TASK — Using the entries below, copy exactly each line from the line with "Gümüş Rose Nazar" up to and including the line with "New Orleans Saints", with every picture left out.

MATERIAL PROVIDED —
_ _ _ _
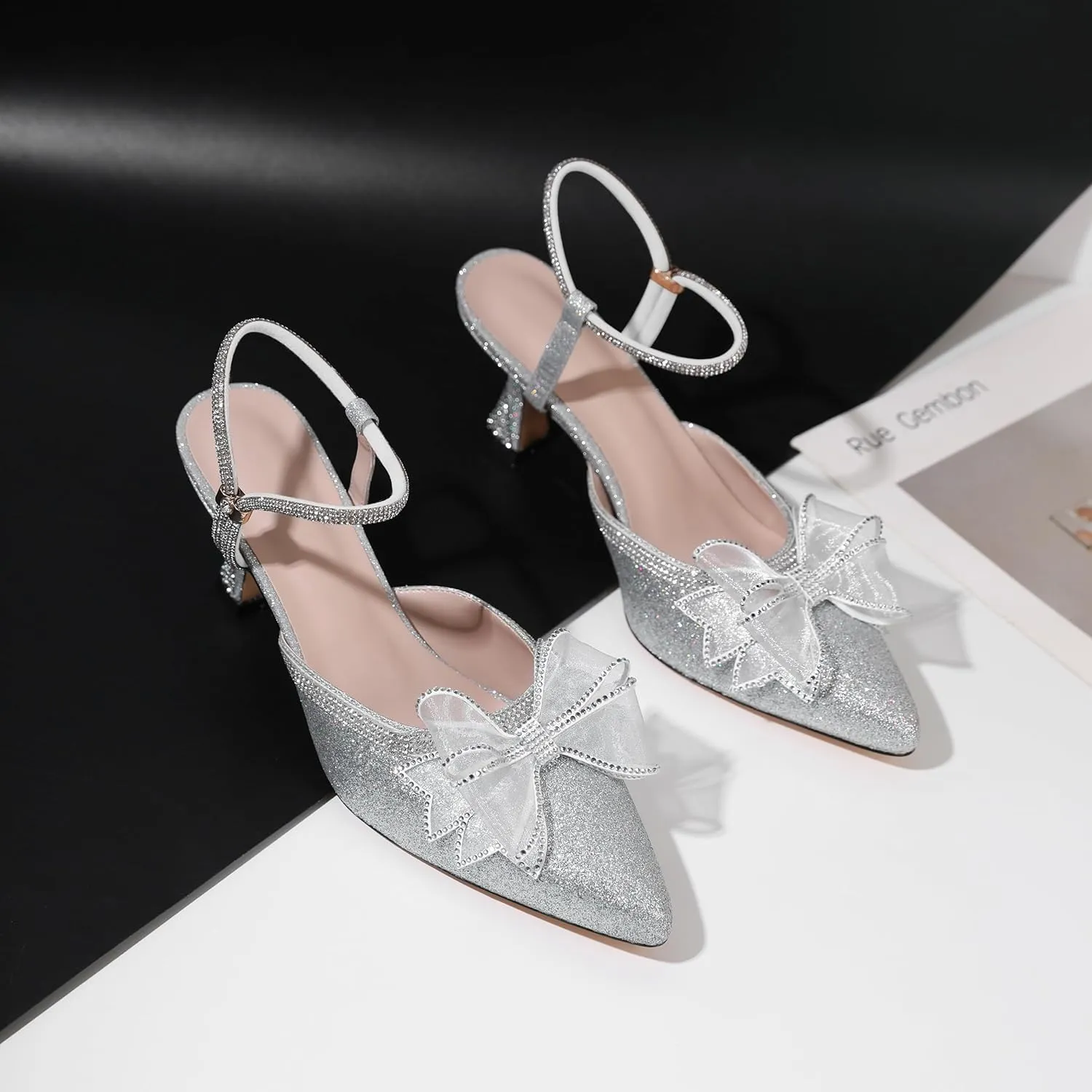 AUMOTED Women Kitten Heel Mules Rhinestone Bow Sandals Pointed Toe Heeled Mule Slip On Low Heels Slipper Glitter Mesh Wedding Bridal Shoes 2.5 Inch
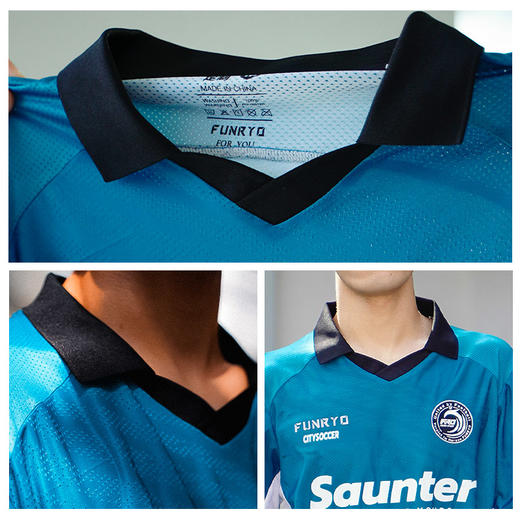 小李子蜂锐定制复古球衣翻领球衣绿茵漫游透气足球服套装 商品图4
_ _ _ _
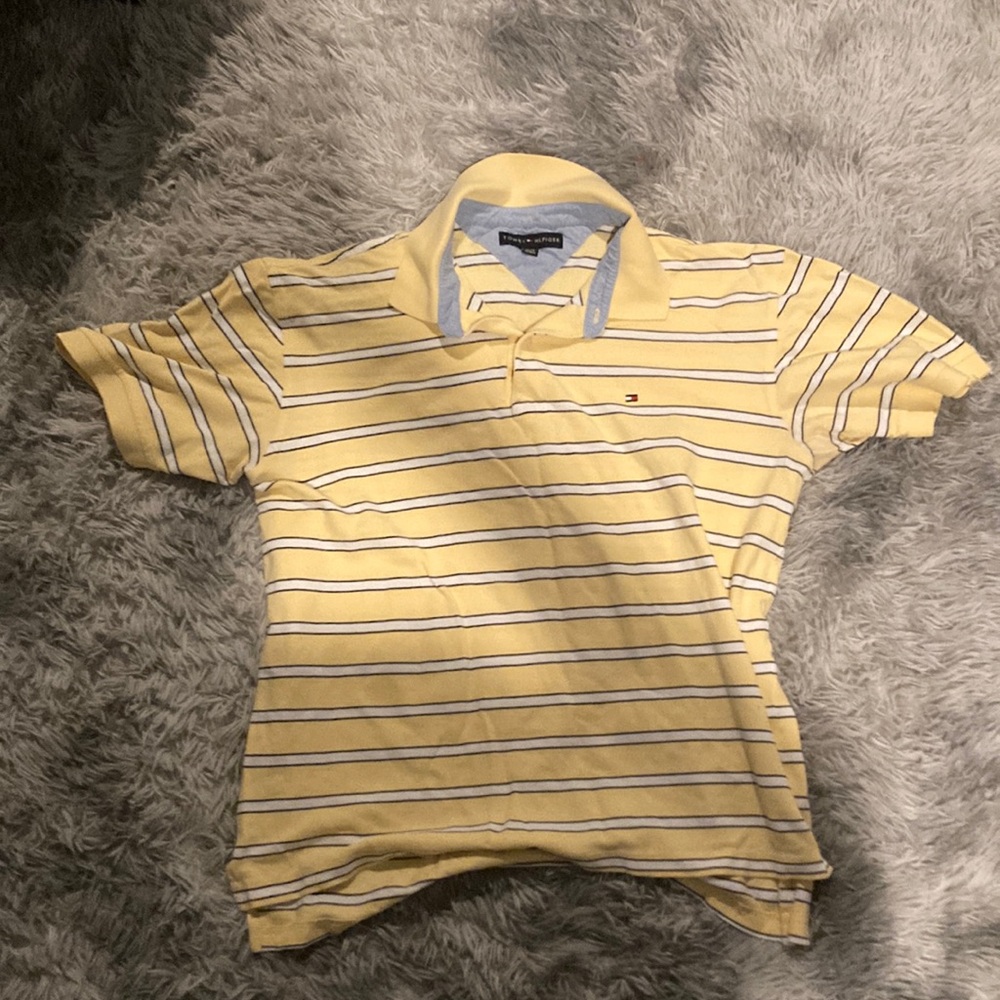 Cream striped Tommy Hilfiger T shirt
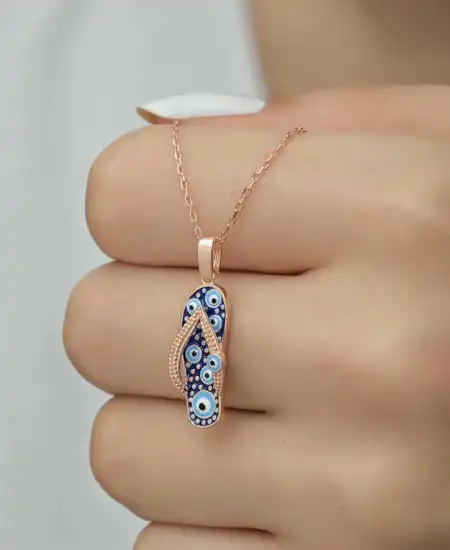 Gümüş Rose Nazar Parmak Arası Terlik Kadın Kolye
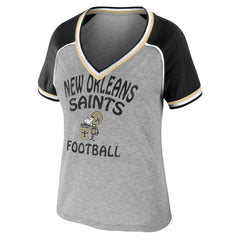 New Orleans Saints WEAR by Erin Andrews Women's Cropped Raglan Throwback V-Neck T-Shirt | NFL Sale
_ _ _ _
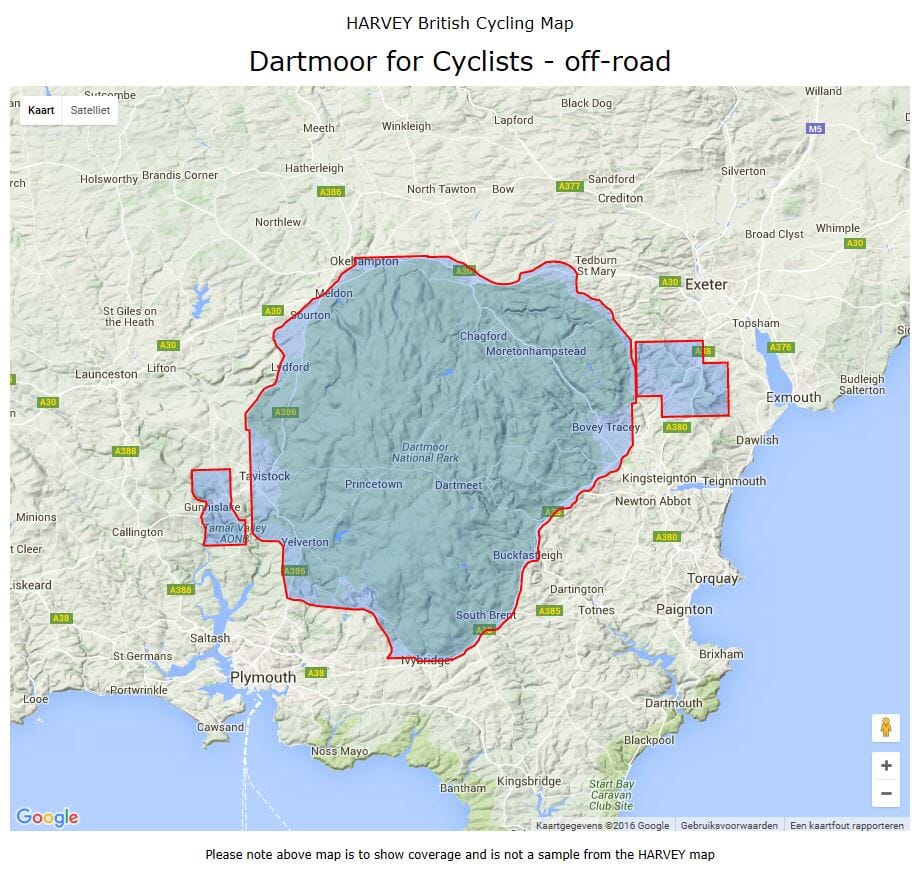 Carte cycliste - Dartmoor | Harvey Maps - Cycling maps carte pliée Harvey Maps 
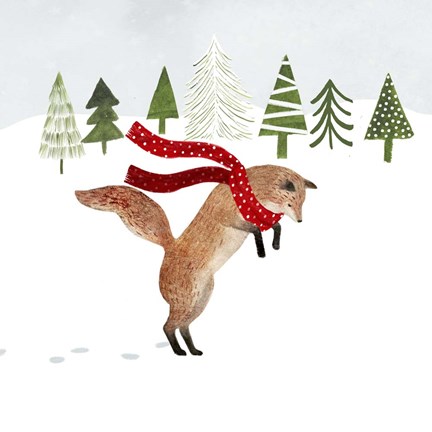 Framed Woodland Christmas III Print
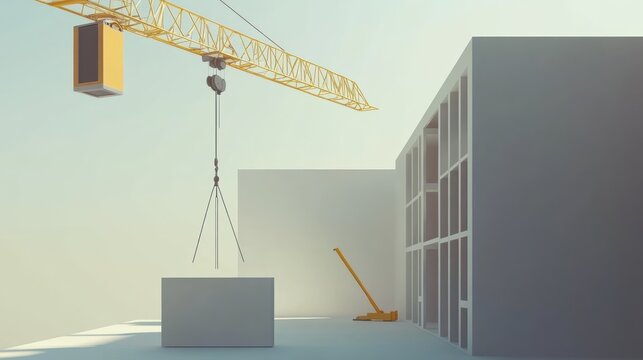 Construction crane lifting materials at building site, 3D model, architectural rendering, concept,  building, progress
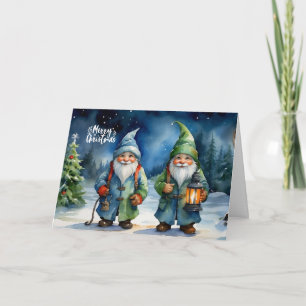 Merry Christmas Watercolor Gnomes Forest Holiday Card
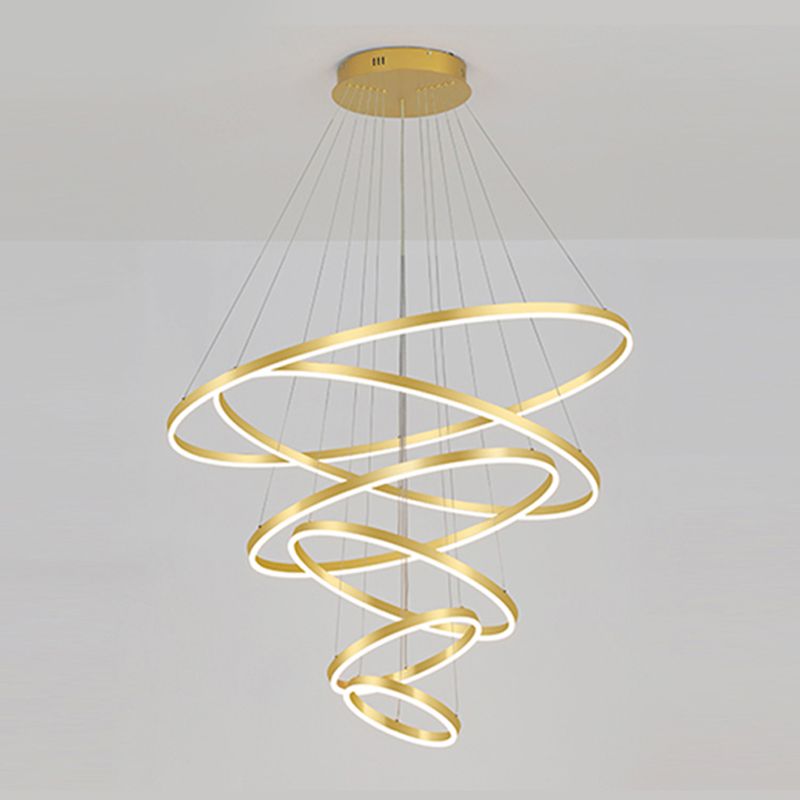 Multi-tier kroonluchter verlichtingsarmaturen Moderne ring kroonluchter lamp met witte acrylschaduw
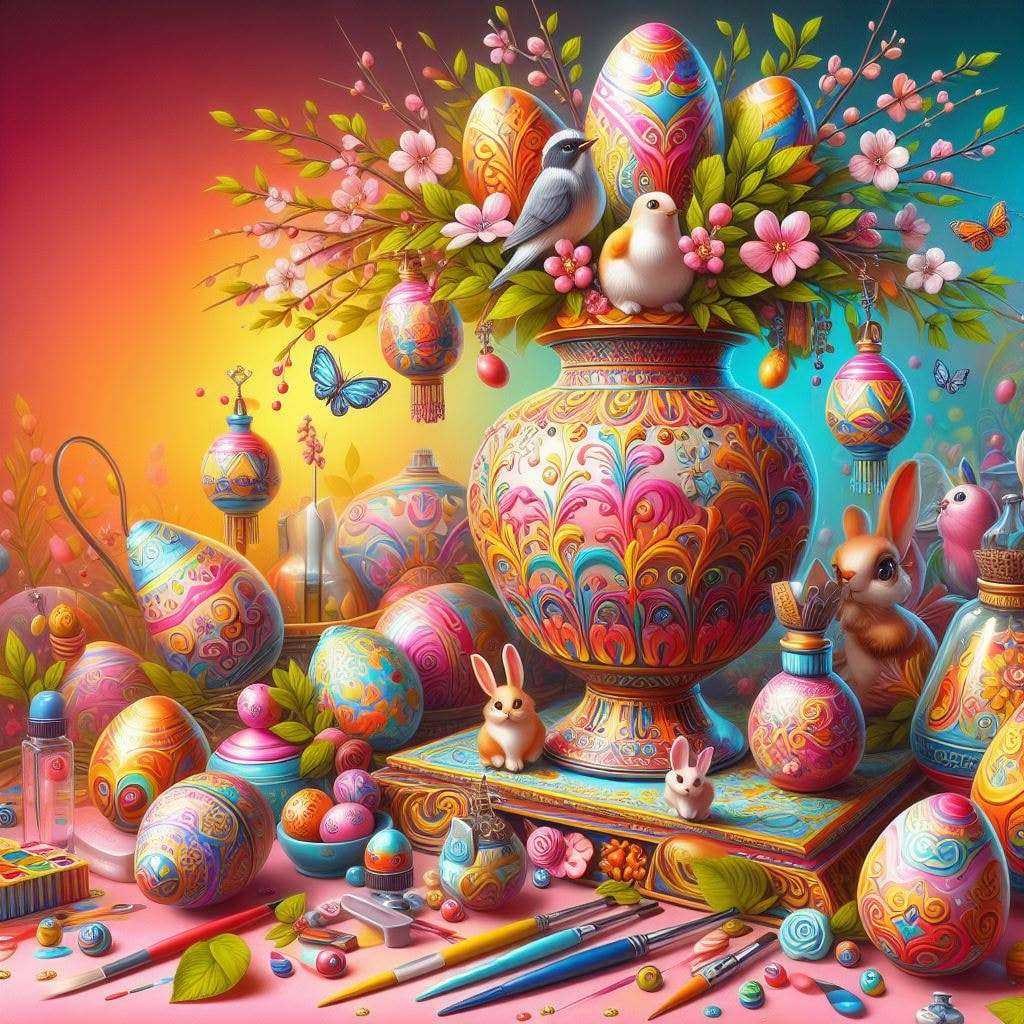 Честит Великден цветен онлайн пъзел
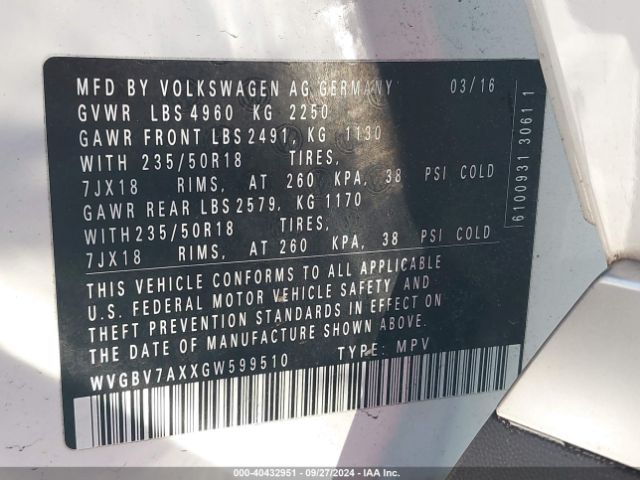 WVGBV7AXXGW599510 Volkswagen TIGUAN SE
_ _ _ _
FINISHED TASK —
 Gümüş Rose Nazar Parmak Arası Terlik Kadın Kolye
 New Orleans Saints WEAR by Erin Andrews Women's Cropped Raglan Throwback V-Neck T-Shirt | NFL Sale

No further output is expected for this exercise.